Ricordi da fotografare

E’ possibile fissare su una pellicola un ricordo “archiviato” all’interno del cervello? A guardare le fotografie pubblicate su Nature dall’équipe diretta da Bruno Bontempi (nome italiano, ma nazionalità francese), sembrerebbe di sì. Le immagini ritraggono l’attività celebrale nel momento in cui viene attivato l’accesso ai ricordi. Lo studio è stato realizzato per comprendere il meccanismo attraverso cui le informazioni vengono immagazzinate nel cervello, con particolare attenzione al ruolo giocato in questo processo dall’ippocampo, una parte del sistema nervoso centrale. I risultati dei ricercatori dell’Università di Bordeaux hanno mostrato che l’ippocampo è la sede dei ricordi più recenti. Perché dopo pochi giorni le informazioni apprese da un individuo intraprendono un lento viaggio verso la corteccia celebrale, dove vengono infine archiviate. Tuttavia l’esatta ubicazione delle aree in cui i ricordi terminano il loro viaggio rimane ancora un mistero.

Lo studio dell’équipe francese ha preso spunto da una constatazione sperimentale, come afferma lo stesso Bontempi: “Le persone che hanno subito lesioni nella zona cerebrale dell’ippocampo non riescono a ricordare i fatti recenti mentre richiamano facilmente alla memoria eventi lontani nel tempo: ciò consolida l’ipotesi che l’ippocampo costituisca la nostra memoria effimera”. L’esperimento francese ha dato conferma di questa ipotesi, prendendo in esame il comportamento del cervello nella fase di accesso alla memoria.

A questo scopo, alcuni topi sono stati introdotti in un piccolo labirinto nel quale erano nascosti tre bocconi di cibo: il successo della prova consisteva nel ritrovamento di tutto il cibo. La prova veniva ripetuta sei volte al giorno per nove giorni. Trascorsi cinque giorni dall’ultima prova, alcuni topi, deprivati alimentarmente e dunque affamati, sono stati reintrodotti nel labirinto, lasciati girare per 35 minuti, prelevati e soppressi immediatamente. Il loro cervello è stato quindi asportato, immerso nell’azoto liquido e fotografato con una tecnica particolare chiamata autoradiografia. Al momento dell’uccisione, i topi erano impegnati in un notevole sforzo per richiamare alla memoria la disposizione spaziale del labirinto. Gli scienziati francesi sono dunque convinti che le loro immagini rappresentino una sorta di “fotogramma ibernato” dell’ultima azione mnemonica ed esse mostrano che l’attività metabolica dell’ippocampo è piuttosto intensa.

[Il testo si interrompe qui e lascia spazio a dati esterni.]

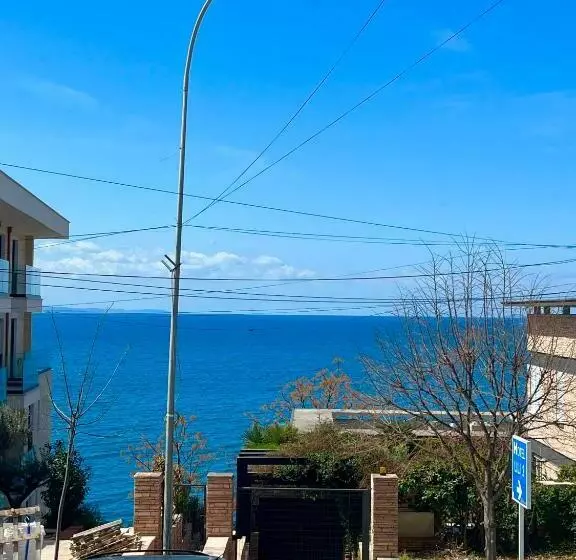 هتل Seaside Rooms & Apartments Sarande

La stessa operazione è stata in seguito ripetuta, lasciando però trascorrere 25 giorni tra la memorizzazione del percorso e la prova finale. In questo secondo caso le fotografie hanno mostrato una attività dell’ippocampo assai più ridotta e dunque, concludono Bontempi e colleghi, nel frattempo i ricordi sono probabilmente migrati altrove.

Oltre ai risultati sui meccanismi della memoria, l’esperimento di Bordeaux è stato importante per perfezionare la tecnica dell’autoradiografia. Poco prima del test ai topi veniva iniettata una soluzione di desossiglucosio (uno zucchero) marcato con carbonio 14 che è leggermente radioattivo. Lo zucchero si concentra nelle aree in cui il metabolismo è particolarmente intenso che, grazie alla radioattività, risaltano quindi sulle lastre fotografiche.